Directions: All lines before the one containing "The Purpose-Driven Ministry Planner", plus that line itself, are to be printed exactly as they appear below.

------------------------------------------------------------------------

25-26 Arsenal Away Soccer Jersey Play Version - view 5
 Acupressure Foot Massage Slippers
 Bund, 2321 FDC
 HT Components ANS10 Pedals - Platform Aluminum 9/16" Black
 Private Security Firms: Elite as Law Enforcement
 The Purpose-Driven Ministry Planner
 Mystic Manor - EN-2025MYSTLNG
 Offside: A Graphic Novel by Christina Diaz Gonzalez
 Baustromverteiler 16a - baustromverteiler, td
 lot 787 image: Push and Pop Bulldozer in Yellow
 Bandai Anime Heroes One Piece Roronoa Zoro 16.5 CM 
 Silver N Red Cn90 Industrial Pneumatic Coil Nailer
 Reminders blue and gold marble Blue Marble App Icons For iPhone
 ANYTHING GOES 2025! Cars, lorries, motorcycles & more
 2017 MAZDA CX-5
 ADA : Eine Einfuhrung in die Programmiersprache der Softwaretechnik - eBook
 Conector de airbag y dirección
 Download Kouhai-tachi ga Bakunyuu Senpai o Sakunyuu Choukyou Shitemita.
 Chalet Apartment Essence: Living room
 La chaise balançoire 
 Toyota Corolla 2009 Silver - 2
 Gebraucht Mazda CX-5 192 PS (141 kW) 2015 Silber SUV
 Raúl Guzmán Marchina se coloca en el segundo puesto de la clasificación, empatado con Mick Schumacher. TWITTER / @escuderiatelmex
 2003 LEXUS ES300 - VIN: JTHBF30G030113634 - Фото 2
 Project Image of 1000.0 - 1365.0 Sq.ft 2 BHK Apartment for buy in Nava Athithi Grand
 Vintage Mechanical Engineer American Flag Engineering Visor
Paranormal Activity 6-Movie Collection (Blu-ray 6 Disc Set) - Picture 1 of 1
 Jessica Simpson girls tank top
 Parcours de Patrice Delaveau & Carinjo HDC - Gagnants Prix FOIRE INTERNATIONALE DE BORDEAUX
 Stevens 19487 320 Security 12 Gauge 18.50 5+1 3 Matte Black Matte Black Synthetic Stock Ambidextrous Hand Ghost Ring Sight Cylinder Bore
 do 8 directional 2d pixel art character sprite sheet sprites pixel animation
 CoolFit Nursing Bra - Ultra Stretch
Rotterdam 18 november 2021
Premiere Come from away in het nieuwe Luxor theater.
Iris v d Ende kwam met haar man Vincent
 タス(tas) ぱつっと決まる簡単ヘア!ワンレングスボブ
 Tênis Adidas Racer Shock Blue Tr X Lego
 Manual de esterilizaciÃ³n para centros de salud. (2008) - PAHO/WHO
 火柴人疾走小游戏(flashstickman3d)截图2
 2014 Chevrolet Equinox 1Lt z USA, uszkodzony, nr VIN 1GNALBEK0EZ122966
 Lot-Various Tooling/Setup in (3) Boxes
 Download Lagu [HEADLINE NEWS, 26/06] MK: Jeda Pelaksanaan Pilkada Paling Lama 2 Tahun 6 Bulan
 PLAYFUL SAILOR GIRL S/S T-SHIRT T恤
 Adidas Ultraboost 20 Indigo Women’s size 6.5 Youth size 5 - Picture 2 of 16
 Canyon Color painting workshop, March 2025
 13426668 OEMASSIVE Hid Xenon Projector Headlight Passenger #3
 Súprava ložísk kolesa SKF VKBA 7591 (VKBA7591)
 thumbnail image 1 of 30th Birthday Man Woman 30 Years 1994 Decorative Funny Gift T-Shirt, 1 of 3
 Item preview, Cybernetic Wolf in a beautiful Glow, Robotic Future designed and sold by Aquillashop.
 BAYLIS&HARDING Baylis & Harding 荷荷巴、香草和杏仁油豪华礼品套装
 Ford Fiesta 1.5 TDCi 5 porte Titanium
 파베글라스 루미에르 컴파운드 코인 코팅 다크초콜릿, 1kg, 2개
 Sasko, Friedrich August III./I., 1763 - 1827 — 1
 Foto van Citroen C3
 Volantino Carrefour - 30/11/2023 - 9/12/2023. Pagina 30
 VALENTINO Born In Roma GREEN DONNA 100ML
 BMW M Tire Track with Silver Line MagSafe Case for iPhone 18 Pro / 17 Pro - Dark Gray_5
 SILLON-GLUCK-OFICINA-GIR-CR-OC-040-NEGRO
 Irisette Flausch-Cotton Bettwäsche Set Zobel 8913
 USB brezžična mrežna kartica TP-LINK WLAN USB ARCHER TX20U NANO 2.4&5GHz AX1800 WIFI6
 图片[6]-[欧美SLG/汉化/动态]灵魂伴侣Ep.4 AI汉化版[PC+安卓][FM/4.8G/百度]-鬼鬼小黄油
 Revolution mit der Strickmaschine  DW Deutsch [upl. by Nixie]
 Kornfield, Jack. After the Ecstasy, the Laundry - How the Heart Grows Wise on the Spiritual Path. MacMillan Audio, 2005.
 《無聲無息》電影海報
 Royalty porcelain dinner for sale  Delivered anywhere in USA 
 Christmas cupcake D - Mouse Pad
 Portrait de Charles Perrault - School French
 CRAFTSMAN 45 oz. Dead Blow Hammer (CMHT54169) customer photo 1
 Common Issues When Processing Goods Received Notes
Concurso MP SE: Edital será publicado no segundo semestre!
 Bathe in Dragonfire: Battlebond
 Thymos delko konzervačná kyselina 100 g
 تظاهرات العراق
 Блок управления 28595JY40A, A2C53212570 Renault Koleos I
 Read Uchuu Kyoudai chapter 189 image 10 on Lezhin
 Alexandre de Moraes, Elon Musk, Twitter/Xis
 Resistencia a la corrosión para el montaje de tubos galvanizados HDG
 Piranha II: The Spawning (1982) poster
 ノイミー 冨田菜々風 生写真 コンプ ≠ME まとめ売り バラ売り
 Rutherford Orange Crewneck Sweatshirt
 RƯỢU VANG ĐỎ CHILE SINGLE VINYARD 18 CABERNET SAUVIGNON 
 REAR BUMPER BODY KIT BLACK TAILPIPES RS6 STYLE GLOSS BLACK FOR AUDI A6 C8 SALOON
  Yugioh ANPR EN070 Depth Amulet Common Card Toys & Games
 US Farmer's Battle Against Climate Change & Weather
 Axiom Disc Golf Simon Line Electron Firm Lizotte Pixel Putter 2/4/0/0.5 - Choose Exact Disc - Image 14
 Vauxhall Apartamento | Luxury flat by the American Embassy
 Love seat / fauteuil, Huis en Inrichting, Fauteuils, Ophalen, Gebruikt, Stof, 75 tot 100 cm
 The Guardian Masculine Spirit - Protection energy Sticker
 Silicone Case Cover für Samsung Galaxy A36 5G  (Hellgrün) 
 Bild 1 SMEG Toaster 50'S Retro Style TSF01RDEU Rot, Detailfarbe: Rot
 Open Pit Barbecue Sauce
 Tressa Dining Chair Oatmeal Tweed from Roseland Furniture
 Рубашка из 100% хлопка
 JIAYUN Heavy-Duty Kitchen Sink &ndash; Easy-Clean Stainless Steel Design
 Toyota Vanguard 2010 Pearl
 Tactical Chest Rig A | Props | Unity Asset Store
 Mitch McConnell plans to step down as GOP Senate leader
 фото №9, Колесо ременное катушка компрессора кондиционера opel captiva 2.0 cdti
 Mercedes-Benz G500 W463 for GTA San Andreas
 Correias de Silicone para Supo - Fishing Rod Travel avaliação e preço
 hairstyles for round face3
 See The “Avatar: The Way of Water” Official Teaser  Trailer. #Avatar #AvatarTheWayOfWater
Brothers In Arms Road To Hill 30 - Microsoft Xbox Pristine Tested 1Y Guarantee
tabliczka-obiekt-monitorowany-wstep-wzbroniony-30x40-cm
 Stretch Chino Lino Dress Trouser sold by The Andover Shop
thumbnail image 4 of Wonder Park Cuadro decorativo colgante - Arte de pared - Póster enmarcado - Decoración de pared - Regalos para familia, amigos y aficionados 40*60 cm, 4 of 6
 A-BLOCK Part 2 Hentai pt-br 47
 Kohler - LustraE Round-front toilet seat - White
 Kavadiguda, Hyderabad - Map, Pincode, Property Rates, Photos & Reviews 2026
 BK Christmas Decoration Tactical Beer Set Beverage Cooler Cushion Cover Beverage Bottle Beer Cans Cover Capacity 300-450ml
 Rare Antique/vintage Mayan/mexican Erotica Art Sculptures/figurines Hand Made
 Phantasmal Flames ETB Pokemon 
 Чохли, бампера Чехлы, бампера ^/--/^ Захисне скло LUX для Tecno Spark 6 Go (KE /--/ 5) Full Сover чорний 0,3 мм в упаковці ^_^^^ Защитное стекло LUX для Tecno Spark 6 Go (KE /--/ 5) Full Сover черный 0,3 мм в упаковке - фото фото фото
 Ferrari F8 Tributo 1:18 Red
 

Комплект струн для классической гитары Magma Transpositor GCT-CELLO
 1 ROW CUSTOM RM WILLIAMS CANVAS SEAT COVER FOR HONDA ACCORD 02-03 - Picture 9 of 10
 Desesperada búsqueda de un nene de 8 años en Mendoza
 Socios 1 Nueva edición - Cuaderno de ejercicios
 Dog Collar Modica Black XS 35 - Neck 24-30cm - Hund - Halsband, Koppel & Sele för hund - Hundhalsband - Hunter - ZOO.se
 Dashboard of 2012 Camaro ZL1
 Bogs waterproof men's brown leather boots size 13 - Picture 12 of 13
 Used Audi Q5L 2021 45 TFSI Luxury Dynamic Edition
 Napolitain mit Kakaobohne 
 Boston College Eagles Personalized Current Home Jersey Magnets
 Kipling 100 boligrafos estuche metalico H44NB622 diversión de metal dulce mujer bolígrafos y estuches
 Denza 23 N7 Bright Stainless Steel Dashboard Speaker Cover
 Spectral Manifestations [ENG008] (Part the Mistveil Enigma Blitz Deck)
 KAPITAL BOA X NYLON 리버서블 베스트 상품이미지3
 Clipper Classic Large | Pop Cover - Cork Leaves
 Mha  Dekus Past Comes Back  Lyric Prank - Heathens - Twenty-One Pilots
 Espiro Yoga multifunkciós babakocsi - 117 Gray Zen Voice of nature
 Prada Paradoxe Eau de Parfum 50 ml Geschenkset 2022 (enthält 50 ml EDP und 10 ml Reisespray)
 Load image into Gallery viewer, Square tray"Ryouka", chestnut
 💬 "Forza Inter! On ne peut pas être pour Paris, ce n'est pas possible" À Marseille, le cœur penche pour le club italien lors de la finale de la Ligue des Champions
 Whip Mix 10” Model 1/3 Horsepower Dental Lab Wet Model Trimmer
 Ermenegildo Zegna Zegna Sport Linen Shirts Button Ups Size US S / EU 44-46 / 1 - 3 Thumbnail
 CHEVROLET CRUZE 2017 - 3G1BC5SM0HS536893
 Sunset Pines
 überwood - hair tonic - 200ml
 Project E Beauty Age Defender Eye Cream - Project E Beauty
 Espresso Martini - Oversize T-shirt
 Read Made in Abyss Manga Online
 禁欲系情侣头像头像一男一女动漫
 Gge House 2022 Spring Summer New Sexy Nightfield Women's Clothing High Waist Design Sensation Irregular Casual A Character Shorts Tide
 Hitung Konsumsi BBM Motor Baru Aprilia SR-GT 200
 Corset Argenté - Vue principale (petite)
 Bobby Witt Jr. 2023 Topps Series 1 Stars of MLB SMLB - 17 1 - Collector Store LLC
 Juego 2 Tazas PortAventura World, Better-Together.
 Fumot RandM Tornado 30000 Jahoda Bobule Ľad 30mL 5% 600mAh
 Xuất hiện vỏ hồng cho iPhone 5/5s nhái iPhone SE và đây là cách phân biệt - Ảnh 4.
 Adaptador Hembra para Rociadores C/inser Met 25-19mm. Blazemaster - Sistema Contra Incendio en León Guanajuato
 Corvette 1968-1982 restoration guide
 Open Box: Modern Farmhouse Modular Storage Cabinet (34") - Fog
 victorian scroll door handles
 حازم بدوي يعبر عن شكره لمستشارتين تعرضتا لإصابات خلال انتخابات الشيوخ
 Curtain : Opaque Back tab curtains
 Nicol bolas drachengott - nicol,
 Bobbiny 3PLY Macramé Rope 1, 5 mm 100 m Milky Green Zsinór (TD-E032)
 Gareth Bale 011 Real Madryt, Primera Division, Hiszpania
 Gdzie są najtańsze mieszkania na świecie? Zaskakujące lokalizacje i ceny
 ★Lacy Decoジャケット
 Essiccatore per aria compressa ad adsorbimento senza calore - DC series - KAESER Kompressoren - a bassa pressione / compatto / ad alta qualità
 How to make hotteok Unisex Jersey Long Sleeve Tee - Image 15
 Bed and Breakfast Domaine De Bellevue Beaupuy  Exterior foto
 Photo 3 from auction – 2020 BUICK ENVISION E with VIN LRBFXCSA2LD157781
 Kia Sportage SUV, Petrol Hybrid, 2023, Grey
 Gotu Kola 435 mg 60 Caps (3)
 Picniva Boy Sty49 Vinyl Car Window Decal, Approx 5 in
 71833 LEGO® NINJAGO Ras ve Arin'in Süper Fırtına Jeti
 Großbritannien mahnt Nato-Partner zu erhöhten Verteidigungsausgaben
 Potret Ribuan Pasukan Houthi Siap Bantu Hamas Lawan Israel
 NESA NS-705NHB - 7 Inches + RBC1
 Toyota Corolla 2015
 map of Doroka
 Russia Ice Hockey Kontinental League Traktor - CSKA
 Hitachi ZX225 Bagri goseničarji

------------------------------------------------------------------------

Output of the task:
25-26 Arsenal Away Soccer Jersey Play Version - view 5
 Acupressure Foot Massage Slippers
 Bund, 2321 FDC
 HT Components ANS10 Pedals - Platform Aluminum 9/16" Black
 Private Security Firms: Elite as Law Enforcement
 The Purpose-Driven Ministry Planner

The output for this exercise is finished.